● Task to complete: An exact copy of the listing is required, with its pictures removed.

● Data:

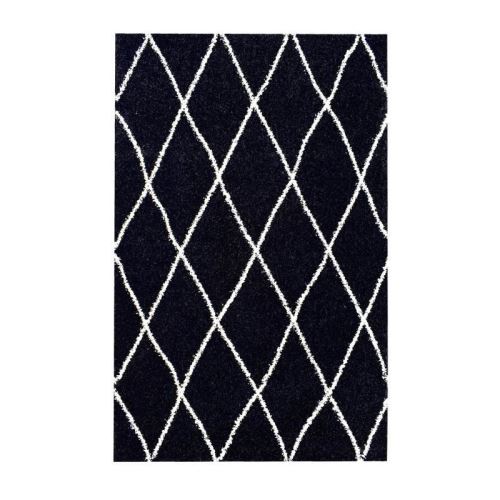 ASMA Tapis de salon Shaggy Berbere - 100% polypropylene - 120x160 cm - Noir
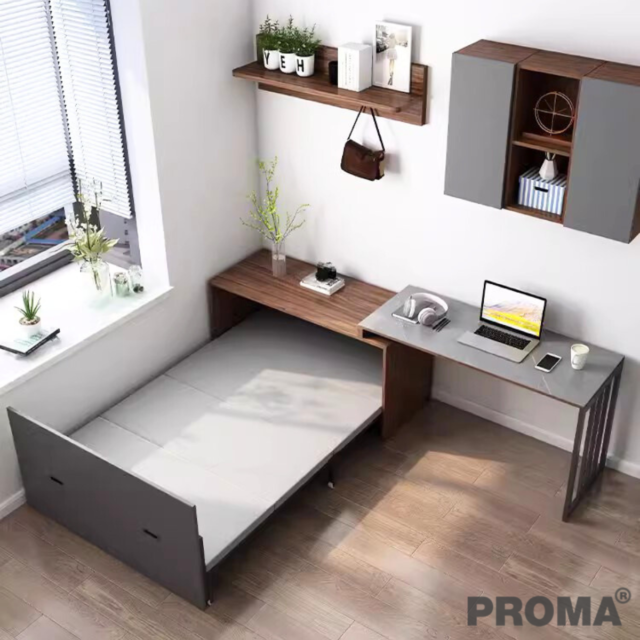 Folding Bedroom Hidden Bed with Cabinet and Desk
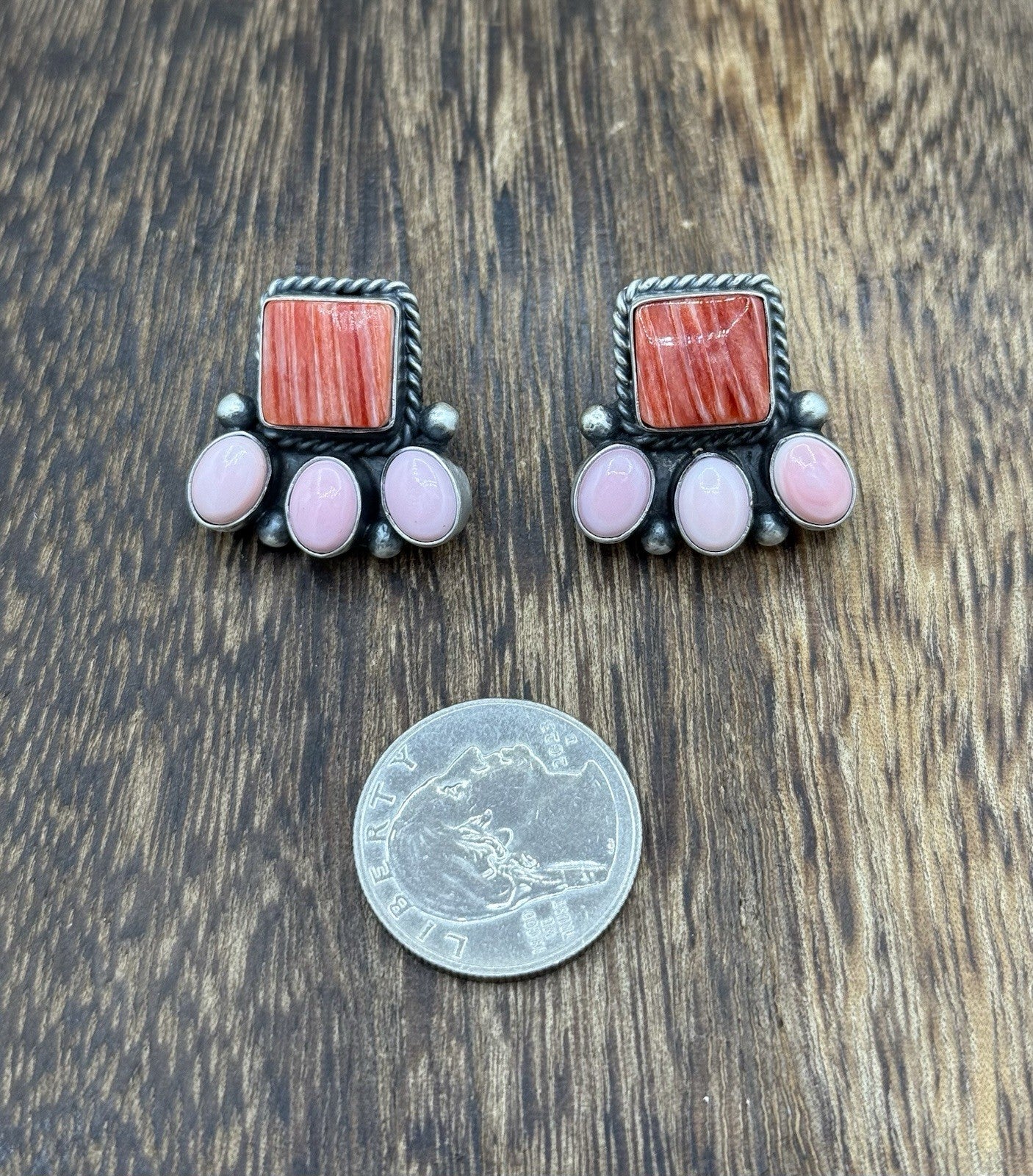 Navajo Handmade Sterling Silver Multi Color Spiny Pink Shell Cluster Earrings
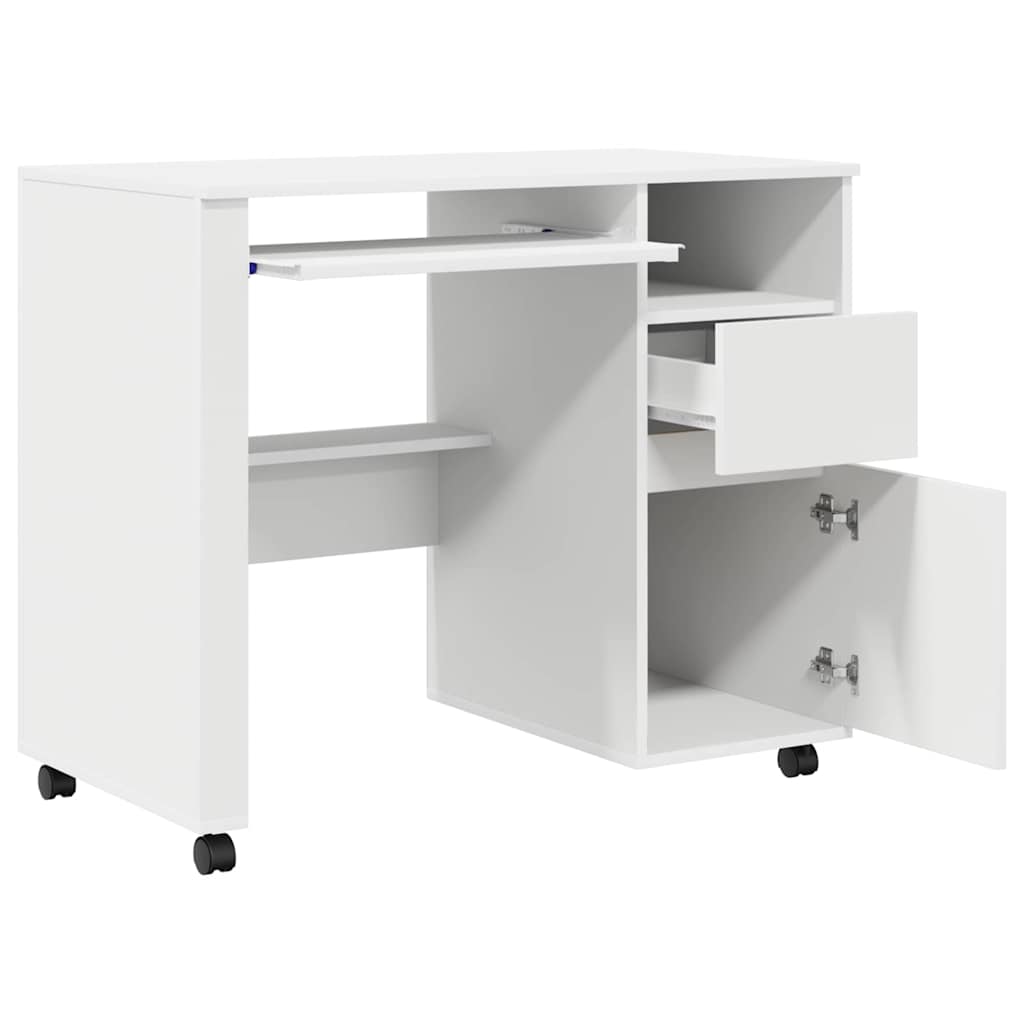 Modern Wooden Home Office Computer Desk Table With Wheels Keyboard Shelf Storage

● Exercise output:
 ASMA Tapis de salon Shaggy Berbere - 100% polypropylene - 120x160 cm - Noir
 Folding Bedroom Hidden Bed with Cabinet and Desk
 Navajo Handmade Sterling Silver Multi Color Spiny Pink Shell Cluster Earrings
 Modern Wooden Home Office Computer Desk Table With Wheels Keyboard Shelf Storage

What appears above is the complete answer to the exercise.